O deputado federal Leonardo Monteiro (PT) também cita a estratégia de desviar o foco, mas admite que o tema do aborto não é consenso no PT.
“Ele (Lula) colocou a posição dele, que é ser contra o aborto. Mas disse que a sociedade deve discutir o tema. Esta é nossa posição, de que o tema tem que ser tratado e discutido. Lógico que somos a favor da vida, defendemos a vida. Tem gente no PT que é a favor do aborto, mas tem gente que é contra. Não é um tema ideológico”, avalia Monteiro.
O parlamentar diz que o debate eleitoral de 2022 não pode ser pautado pelos temas ideológicos e que o PT precisa apontar os problemas enfrentados pela população mais pobre do país. Ele lembra que as discussões de temas morais teve um impacto favorável a Bolsonaro na eleição de 2018 e que a estratégia deve ser diferente neste ano.

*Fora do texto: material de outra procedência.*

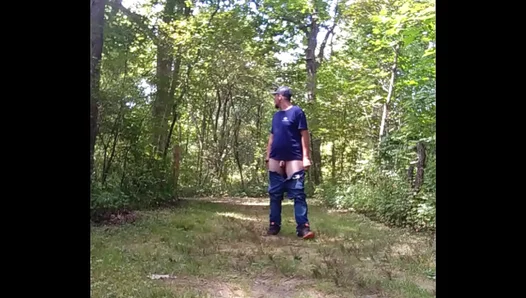 Naughty Amateur Jocks Off Wildly on Hidden Park Path – RawGayFun 18+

“O problema que está pegando no Brasil hoje é que as pessoas estão passando fome, estão sem casa para morar, a gasolina está quase R$ 8, e o botijão de gás está custando R$ 135. O país está vivendo uma crise social, ambiental, e até a democracia está em risco, e nós vamos discutir temas pertinentes à questão da religião, ao aborto? É um tema importante, não podemos transformar a eleição nesse debate, como foi na eleição passada. Bolsonaro transformou a eleição nesse debate. Em 2022, não pode ser a questão central”, avalia o deputado federal petista.
AUSENTES
As declarações do ex-presidente são tão controversas que parlamentares petistas procurados pela reportagem preferiram não comentar.
O presidente do PT no Estado, Cristiano Silveira, e o deputado federal e pré-candidato ao Senado, Reginaldo Lopes, foram alguns dos petistas que não responderam à reportagem.